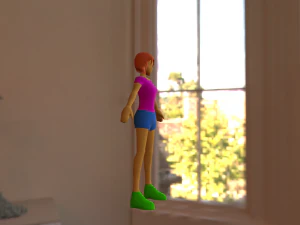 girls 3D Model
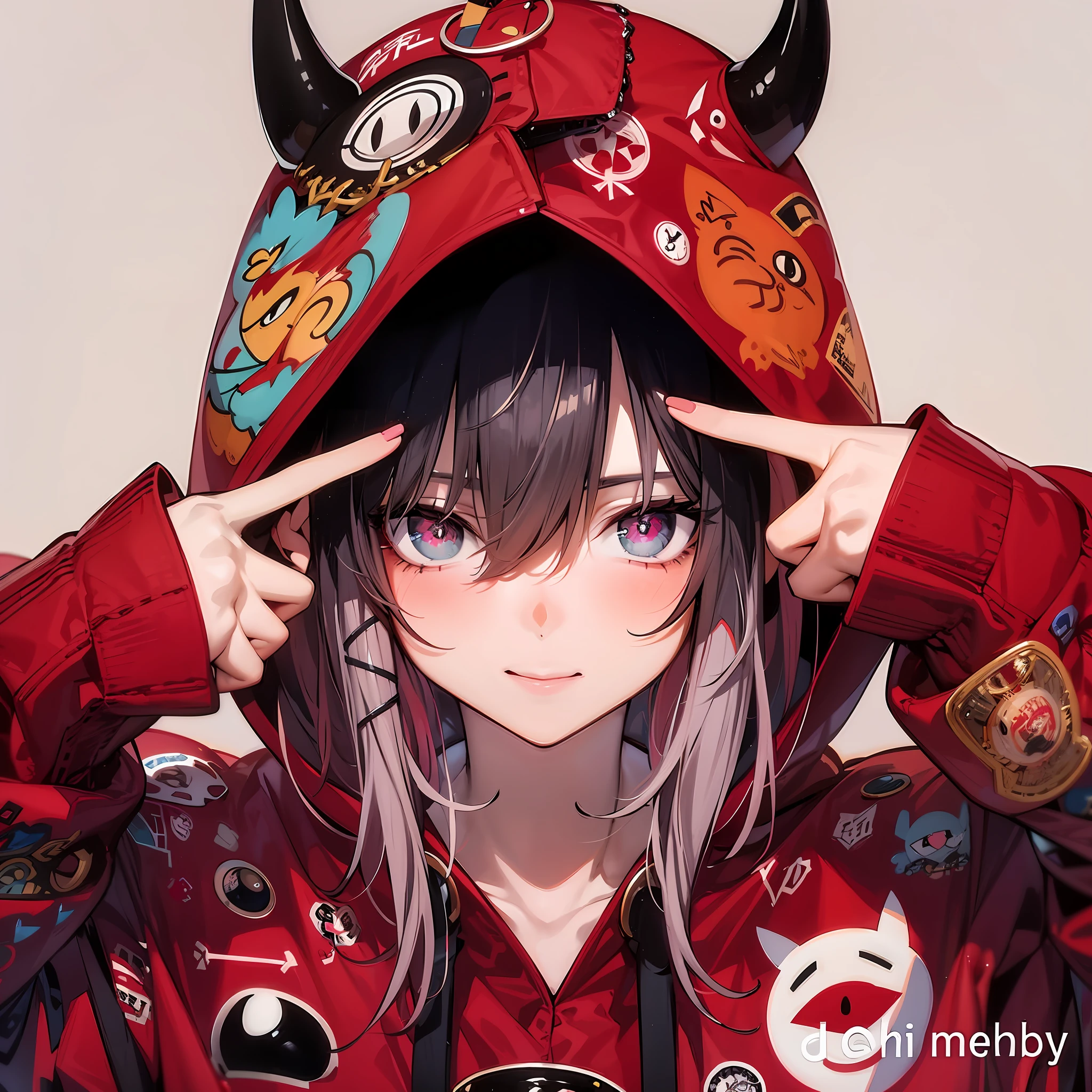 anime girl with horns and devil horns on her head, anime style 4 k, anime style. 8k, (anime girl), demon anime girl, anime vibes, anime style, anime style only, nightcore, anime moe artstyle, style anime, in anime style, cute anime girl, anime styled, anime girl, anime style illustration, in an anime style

==

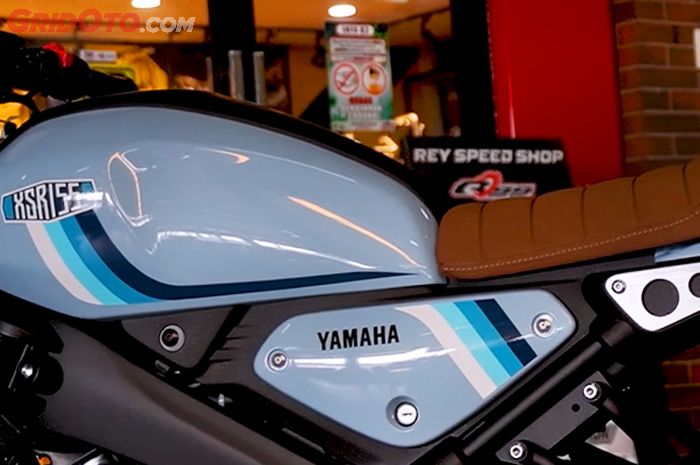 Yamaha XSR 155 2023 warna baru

### Assignment
Within the listing above, the lines from the one with "girls 3D Model" through the one with "anime girl with" are to be given again word for word. Do not include pictures.

### Solved exercise
 girls 3D Model
 anime girl with horns and devil horns on her head, anime style 4 k, anime style. 8k, (anime girl), demon anime girl, anime vibes, anime style, anime style only, nightcore, anime moe artstyle, style anime, in anime style, cute anime girl, anime styled, anime girl, anime style illustration, in an anime style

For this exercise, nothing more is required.